According to her, the instrument also seeks to address situations of Internally Displaced Persons (IDPs), asylum seekers, stateless persons, returnees, and host communities.
She said that the primary objective of the meeting was to take stock and discuss practical ways by which to support the Federal Government in the implementation of the pledges and objectives of the Global Compact on Refugees.
UNHCR said the agency was ready to support and work closely with the Federal Government and other stakeholders in implementing, following up, and reporting on their pledges and commitments at the Global Refugee Forum.
UNHCR, Kapaya said, would also provide support in future planning.
She said the organisation would expect the government of Nigeria to implement the Global Compact on Refugees by ensuring that the needed national systems and structures were in place.

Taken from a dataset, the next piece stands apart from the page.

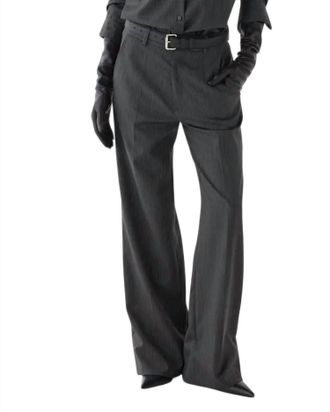 Veronica de Piante Taylor Straight Leg Trouser In Dark Grey Pinstripe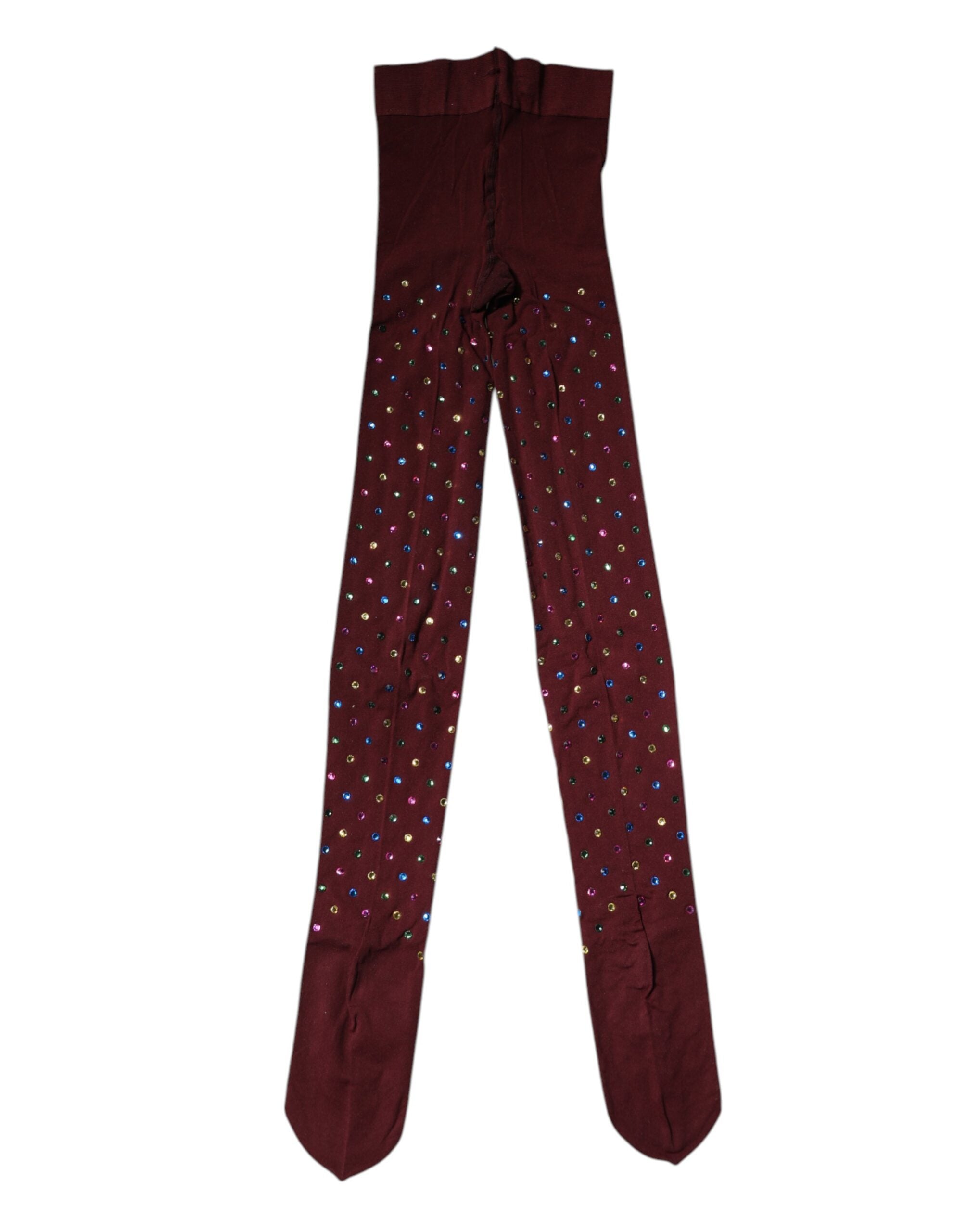 Dolce & Gabbana Nylon Maroon Crystal Embellished Pantyhose Tights Glam Steals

“The Global Compact for Migration has four objectives: to ease pressure on host countries, enhance refugee self-reliance, expand access to third country solutions, and support conditions in countries of origin for return in safety and dignity.
“The country has been home to over 61,000 refugees and asylum seekers who have sought refuge from neighbouring Cameroon, escaping from political tensions in the South West and North West of the country since 2017.
“UNHCR and the Government of Nigeria continue to record hundreds of new arrivals every month. These refugees are hosted predominantly in the South- South – Cross River, and in Benue and Taraba.
“The country also hosts some 4,300 urban refugees and asylum seekers living in various urban centers in Nigeria mainly from the Democratic Republic of Congo, Central Africa Republic, Cameron, Syria, Turkey, Mali, and Cote D’Ivoire, among others.
“In addition, Nigeria faces a protracted humanitarian crisis in the northeast, particularly in the three states of Borno, Adamawa, and Yobe, which for over a decade has been experiencing a cycle of violence and displacements due to insurgency activities of NSAG that continues to create new emergencies.
“Despite a significant scale-up of humanitarian response since 2016, more and more Internally Displaced Persons have been forced to leave their homes with over two million internally displaced, while another 300,000 Nigerians displaced externally.
“And have sought refuge in the neighbouring Lake Chad Basin countries of Cameroon, Chad, and Niger.
“The operating environment remains extremely volatile, particularly in Borno, for civilians, aid workers, humanitarian cargo, and assets,” Kapaya said.
According to her, looking ahead, it is essential to develop a road map that lays out concrete steps and priorities, identifies operational entry points, and defines indicators for short- and longer-term progress.
She said the road map should consider areas such as health, education, water, sanitation, jobs and livelihoods, energy, infrastructure, solutions and protection capacity .
Borno governor, Babagana Zulum, who said commitment to implementing the refugees programme was a laudable one, underscored the need to follow-up up commitment by action.
He described the follow-up commitment as a very important component of the programme.
Zulum urged stakeholders to first look into the possibility of supporting Nigerian refugees, especially those living in the Republic of Niger, as well as those in the Republic of Cameroon.
He said the refugees had been agitating for return for a long time.
According to the governor, Borno is “ever ready” to partner with the Federal Ministry of Humanitarian Affairs, Disaster Management and Social Development to identify suitable places for their return in a dignified manner.
“This is very important because we have over 200,000 refugees from Borno that are residing in the countries of Cameroon, Niger, as well as in Chad.
“They have shown their quest to return home. Nobody is forcing them. In fact, they are on my neck.
“Therefore, I am of the view that we should look into the possibility of supporting their return,” Zulum said.
In 2018, the UN General Assembly acknowleged the GCR as an act of solidarity, recognising the international community’s shared responsibility for protecting, assisting, and finding solutions to the refugee problem.